Within minutes of closing those valves, the pressure readings on the new natural gas line spiked. One of the fittings on the new line blew off into a worker's hand. And as they were trying to plug the leak, the crew heard emergency sirens in the distance. They looked up and saw plumes of smoke rising above the horizon. By the end of the day, over a hundred structures would be damaged by fire and explosions, several homes would be completely destroyed, 22 people (including three firefighters) would be injured, and one person would be dead in one of the worst natural gas disasters in American history. The NTSB did a detailed investigation of the event that lasted about a year. So let’s talk about what actually happened, and the ways this disaster changed pipeline engineering so that hopefully something like it never happens again. I’m Grady, and this is Practical Engineering. In today’s episode, we’re talking about the 2018 Merrimack Valley natural gas explosions.

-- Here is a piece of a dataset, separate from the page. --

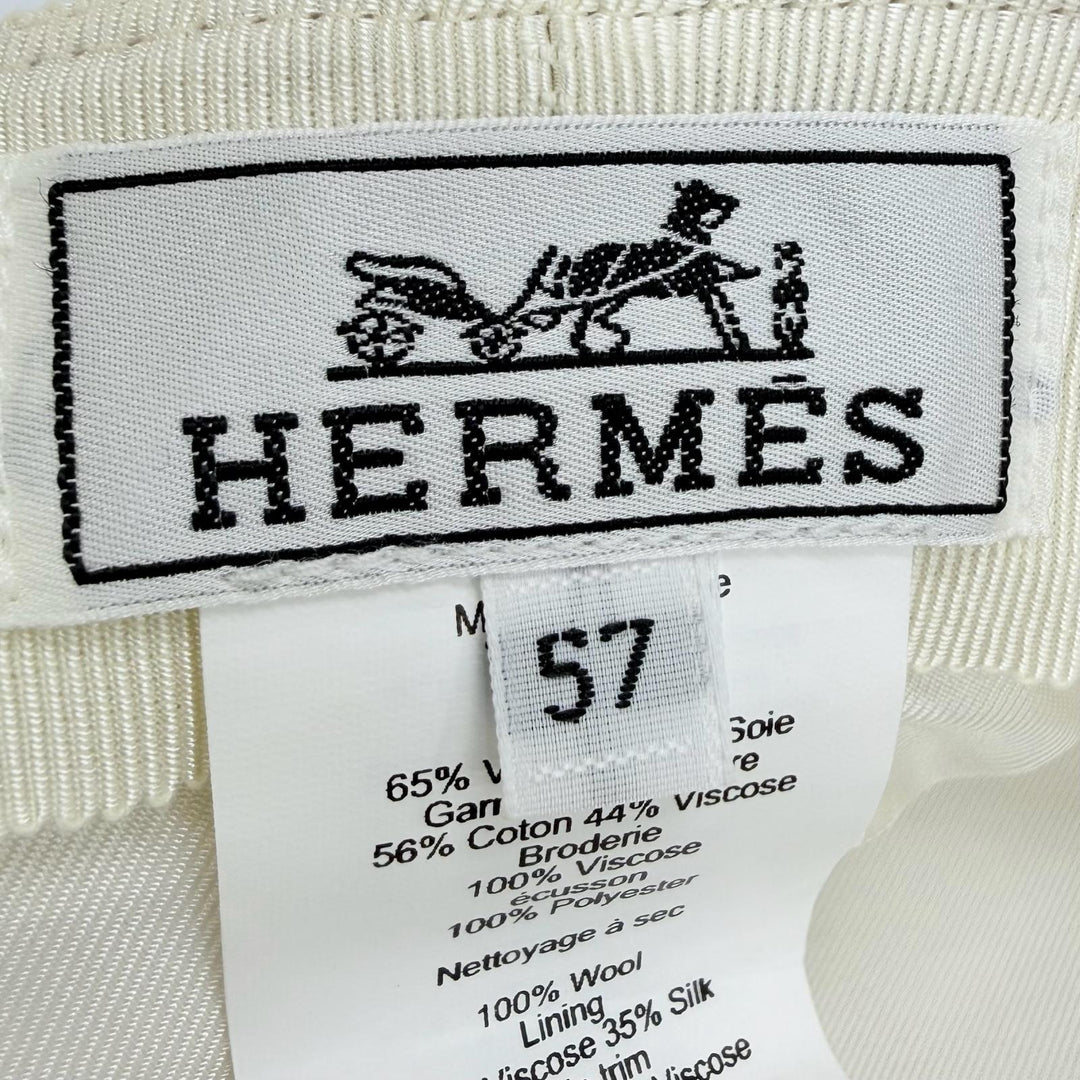 Excellent HERMES Casquette Kabul en Finesse Casquette beige wool Women 57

Like many parts of the world, natural gas is an important source of energy in homes and businesses in the United States. It’s a fossil fuel composed mostly of methane gas extracted from geologic formations using drilled wells. The US has an enormous system of natural gas pipelines that essentially interconnect the entire lower 48 states. Very generally, gathering lines connect lots of individual wells to processing plants, transmission lines connect those plants to cities, and then the pipes spread back out again for distribution. Compressor stations and regulators control the pressure of the gas as needed throughout the system. Most cities in the US have distribution systems that can deliver natural gas directly to individual customers for heating, cooking, hot water, laundry, and more. It’s an energy system that is in many ways very similar to the power grid, but in many ways quite different, as we’ll see.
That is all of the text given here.